In Malta. Yes, the earliest known inhabitants of Malta arrived from Sicily some time before 5,200 BC, and they quite literally laid the foundations of a culture which in many ways seems to have been far more sophisticated than anything else in Europe or the Mediterranean region at that time. Incidentally, they also invented the earliest rudimentary wheels, initially rounded stones which fit easily into the semicircular wedges carved into the bases of large rectangular megaliths, thus facilitating the rolling transport of these huge stones.

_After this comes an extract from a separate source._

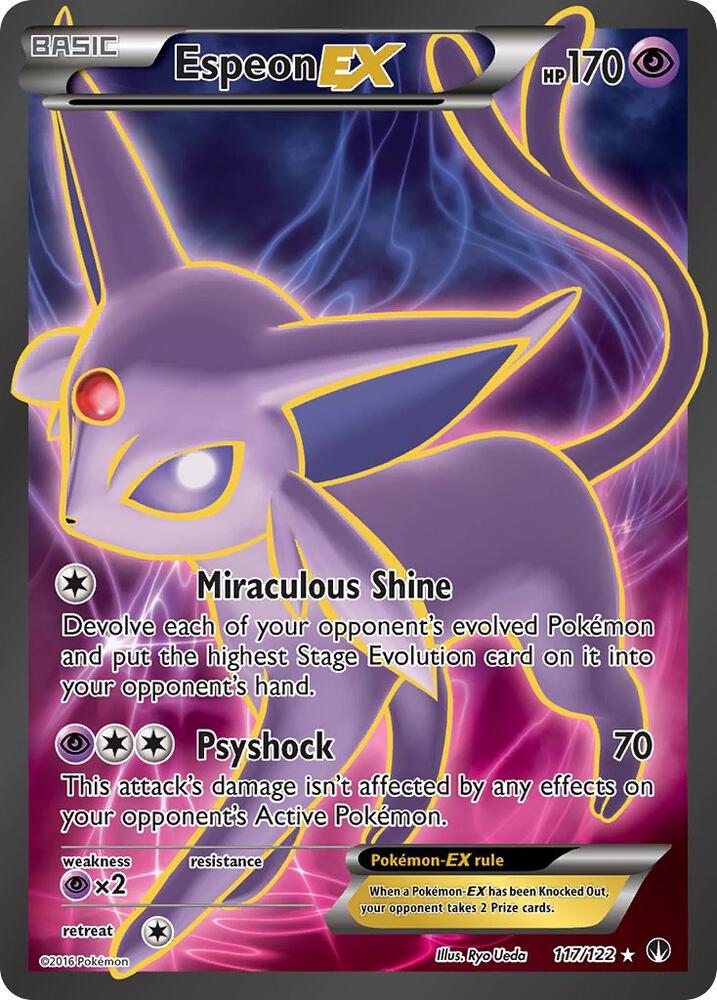 Espeon EX (Full Art) - XY - BREAKpoint (BKP)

Not only did they build circular megalithic temples coordinated (like Stonehenge) to the position of the sun at key points during the year, these neolithic Maltese left behind realistic sculptures of the human figure in a range of sizes, from small clay figurines to life-size statues carved of the native limestone. Some are detailed enough to give us an idea of the dresses the women wore. Many of these realistic sculptures date to around 3,600 BC.

The Maltese temple builders had frequent contact with Sicily, as well as Lipari and Pantelleria, where they obtained flint, obsidian and red ochre.

Hagar Qim facade.One of the most curious constructions is the underground burial complex outside Valletta known as the Hal Saflieni Hypogeum. This is far more than a catacomb or decorated cavern. It is, instead, an expansive series of interconnected chambers carved deep into the limestone in imitation of the trilithons and other features of the temples present above ground. (The trilithon entrance of the Hagar Qim temple is shown here.) Surface construction began around 3,800 BC and continued for centuries. The hypogeum is truly unique. There is nothing quite like it anyplace else on earth. In Siracusa, a much smaller hypogeum houses the mikveh, a Jewish ritual bath carved during the seventh century.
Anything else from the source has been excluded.